Suppliers are equally vulnerable: Bosch alone has announced 20,000 layoffs, and ZF Friedrichshafen is implementing parallel cuts. Since 2019, Germany has lost 125,000 automotive jobs, and projections indicate another 125,000 will disappear by 2035. The European Commission warns that 600,000 EU automotive positions could vanish if energy prices remain elevated and competitive pressures intensify.
The Structural Drivers
Three forces converge to create this crisis. First, Chinese automakers now command nearly 10% of the European market, offering technologically advanced electric vehicles at aggressive price points with shorter development cycles than legacy manufacturers. Second, the transition to electric powertrains has proven costlier and slower than anticipated, with EV sales below forecast and production economics favoring Asian rivals. Third, structural overcapacity plagues the continent: European auto plants can produce 5 million more vehicles per year than current demand supports, a mismatch exacerbated by slow economic growth, geopolitical uncertainty, and elevated labor and energy costs.
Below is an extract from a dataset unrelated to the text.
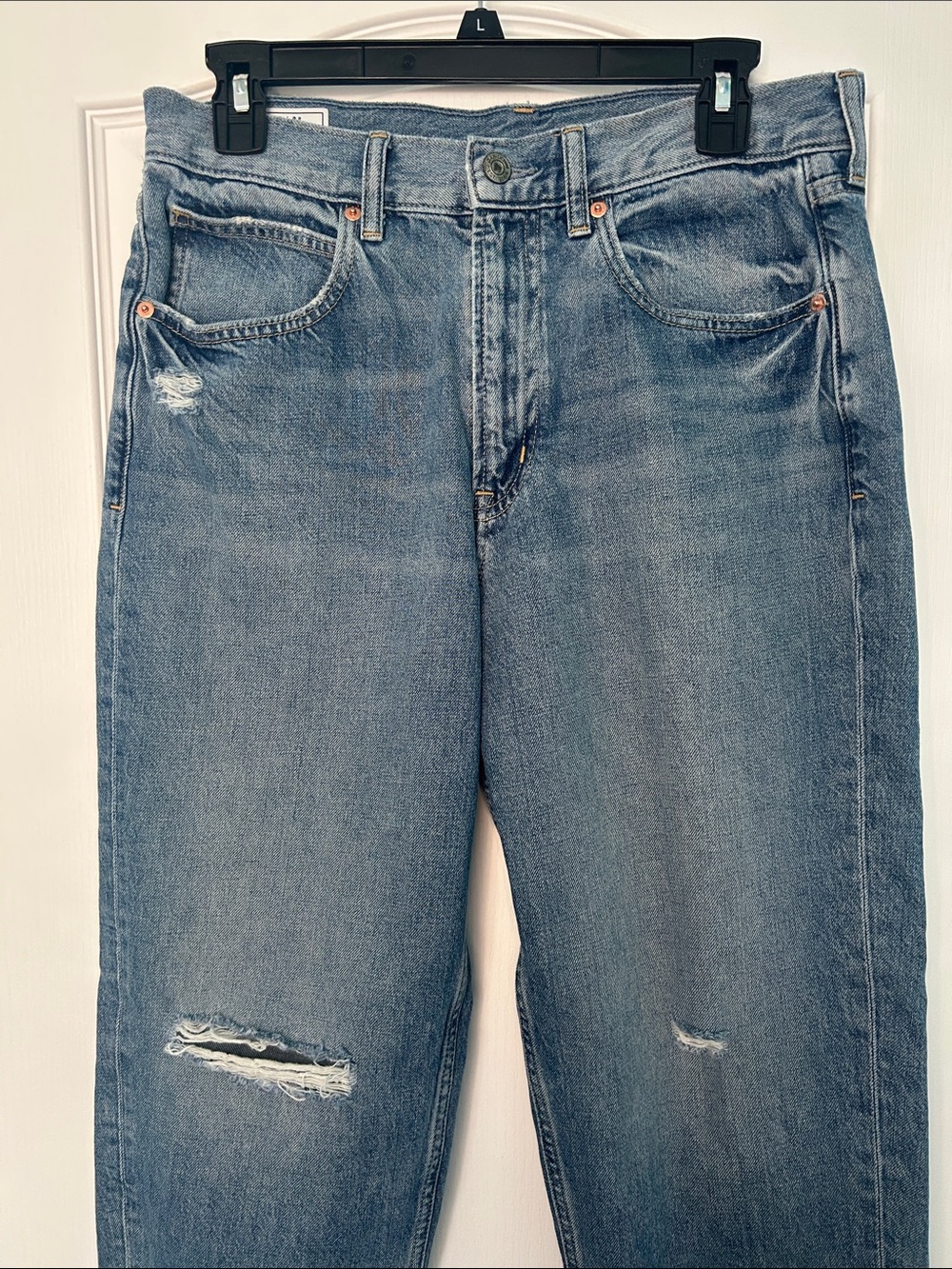 GAP Jeans Cropped Distressed High Rise Barrel Jeans Women’s Size 8 Blue Denim - Picture 3 of 12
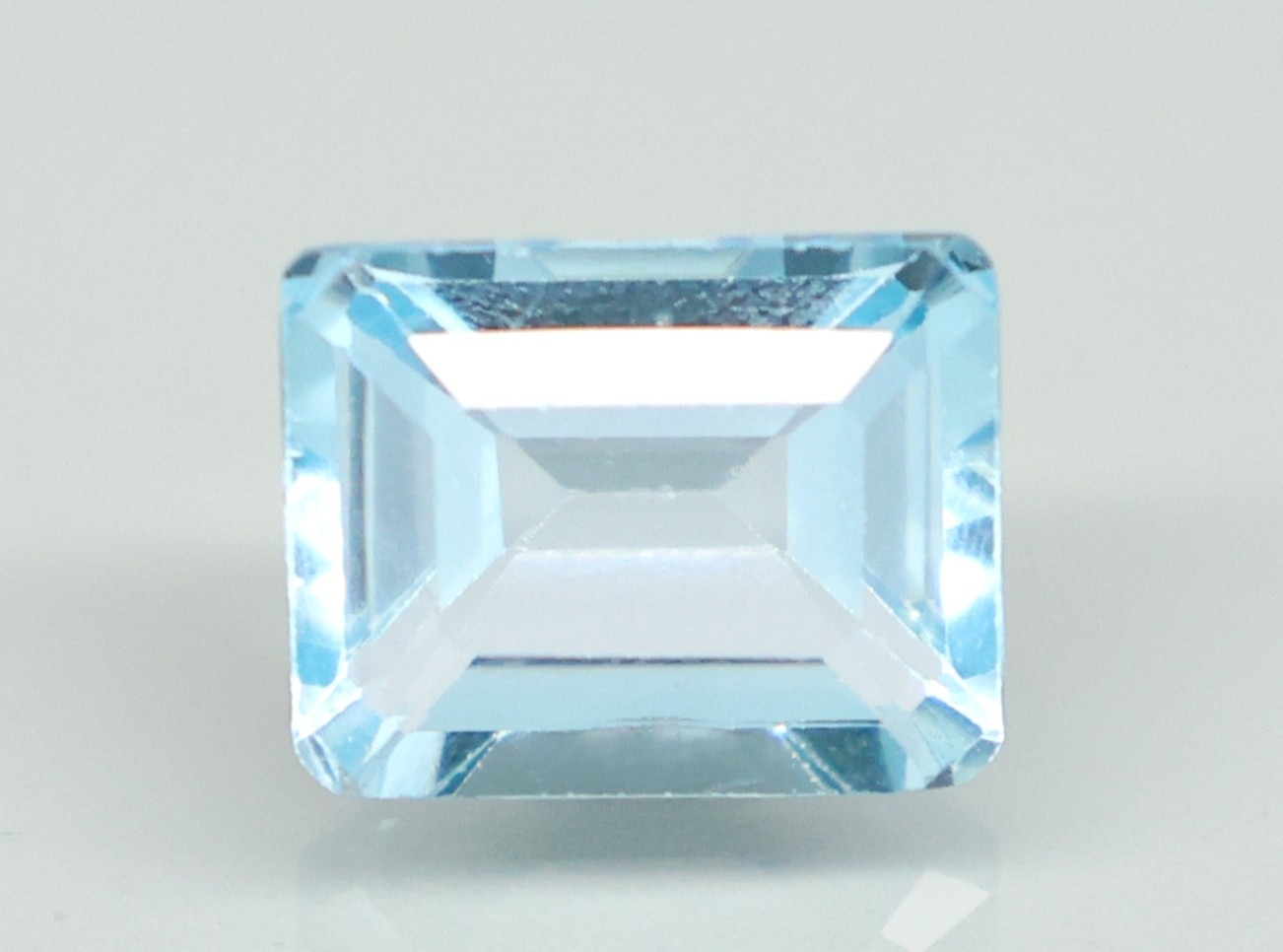 BLUE TOPAZ 7.28 Ct.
For Volkswagen, the cost differential is stark. Administrative and personnel expenses run roughly 20% higher than competitors', eroding margins and forcing the group to contemplate a radical restructuring that could include spinning off the core Volkswagen brand and its components division into separate entities.
Outlook and Next Steps
Blume has characterized the 50,000 figure as a theoretical calculation and emphasized that the company is evaluating "what adjustments are actually necessary and feasible" across brands, regions, and business units. The CEO has indicated a preference for avoiding outright plant closures, but insists that cost reductions must continue in all areas.
New vehicle registrations in the EU rose 4% from January to May 2026, driven largely by discounted battery-electric models, but analysts expect growth to slow significantly in the second half of the year. The industry's pivot toward software and artificial intelligence is reshaping R&D priorities, with traditional engineering roles giving way to digital and data-science talent.
European automotive sector exposure presents heightened risk for traditional manufacturers. Stakeholders should monitor supply-chain developments, track EU industrial policy initiatives, and assess opportunities for diversification as the continent navigates a fundamental transformation in vehicle design, production, and workforce composition.